SAX, by contrast, is an event-driven API. You process an XML document via SAX by configuring your application to respond to SAX events. As the SAX processor reads through an XML document, it raises events each time it encounters something the calling application should know about, such as an element starting or ending, an attribute starting or ending, and so on. It passes the relevant data about the event to the application's handler for the event. The application can then decide what to do in response—it could store the event data in some type of tree structure, as is the case with DOM processing; it could ignore the event; it could search the event data for something in particular; or it could take some other action. Once the event is handled, the SAX processor continues reading the document. At no point does it persist the document in memory as DOM does. It's really just a parsing mechanism to which an application can attach its own functionality. In fact, SAX is the underlying parsing mechanism for MSXML's DOM processor. Microsoft's DOM implementation sets up SAX event handlers that simply store the data handed to them by the SAX engine in a DOM tree.
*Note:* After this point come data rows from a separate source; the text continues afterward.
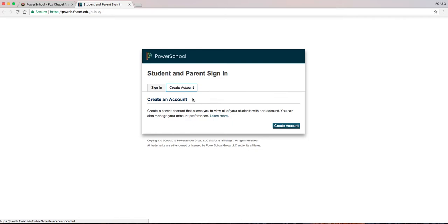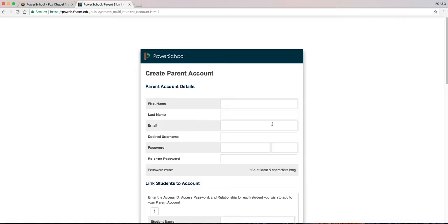Click Create Account again. Please enter all the requested information under the Account Details section. Then complete the information under the Link Students to Account section. This is where you enter the Access ID and Access Password you received from your child's building.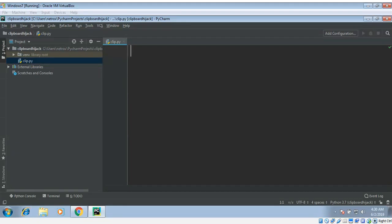In this video we will learn about clipboard hijacking in Python. We will use PyperClip module. PyperClip is a cross-platform Python module for copy and paste clipboard functions.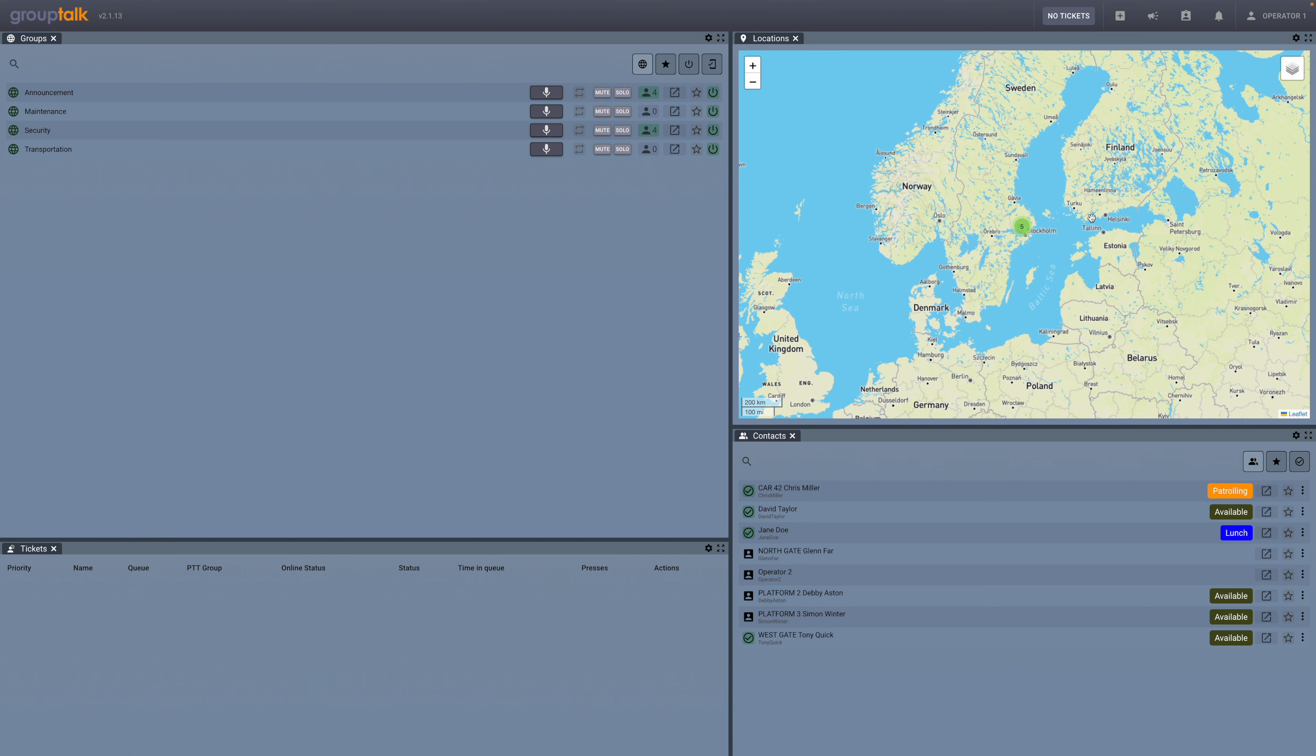In this video we will show you the features in the locations panel in GroupTalk PC Dispatch and how you can work in a flexible way with locations.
As you've probably surmised by now, SAX consumes far less memory than DOM does. That said, it's also much more trouble to set up and use. By persisting documents in memory, the DOM API makes working with XML documents as easy as working with any other kind of object.
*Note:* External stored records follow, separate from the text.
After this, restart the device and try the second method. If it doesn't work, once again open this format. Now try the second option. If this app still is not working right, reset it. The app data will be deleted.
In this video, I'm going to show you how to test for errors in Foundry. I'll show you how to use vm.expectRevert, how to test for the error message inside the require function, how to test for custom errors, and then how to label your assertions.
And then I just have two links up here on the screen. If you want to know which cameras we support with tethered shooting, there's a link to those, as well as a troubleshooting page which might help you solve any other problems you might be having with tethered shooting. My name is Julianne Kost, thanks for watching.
SQL Server uses MSXML and the DOM to process documents you load via sp_xml_preparedocument. It restricts the virtual memory MSXML can use for DOM processing to one-eighth of the physical memory on the machine or 500MB, whichever is less. In actual practice, it's highly unlikely that MSXML would be able to access 500MB of virtual memory, even on a machine with 4GB of physical memory. The reason for this is that, by default, SQL Server reserves most of the user mode address space for use by its buffer pool. You'll recall that we talked about the MemToLeave space in Chapter 11 and noted that the non–thread stack portion defaults to 256MB on SQL Server 2000. This means that, by default, MSXML won't be able to use more than 256MB of memory—and probably considerably less given that other things are also allocated from this region—regardless of the amount of physical memory on the machine.
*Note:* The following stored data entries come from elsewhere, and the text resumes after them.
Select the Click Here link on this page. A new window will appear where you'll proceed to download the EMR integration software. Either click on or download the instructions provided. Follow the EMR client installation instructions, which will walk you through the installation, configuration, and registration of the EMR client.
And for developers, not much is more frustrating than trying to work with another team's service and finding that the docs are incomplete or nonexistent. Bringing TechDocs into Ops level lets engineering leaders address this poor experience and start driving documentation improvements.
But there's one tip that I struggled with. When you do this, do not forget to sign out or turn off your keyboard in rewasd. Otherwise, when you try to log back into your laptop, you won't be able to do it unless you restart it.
The reason MSXML is limited to no more than 500MB of virtual memory use regardless of the amount of memory on the machine is that SQL Server calls the GlobalMemoryStatus Win32 API function to determine the amount of available physical memory. GlobalMemoryStatus populates a MEMORYSTATUS structure with information about the status of memory use on the machine. On machines with more than 4GB of physical memory, GlobalMemoryStatus can return incorrect information, so Windows returns a -1 to indicate an overflow. The Win32 API function GlobalMemoryStatusEx exists to address this shortcoming, but SQLXML does not call it. You can see this for yourself by working through the following exercise.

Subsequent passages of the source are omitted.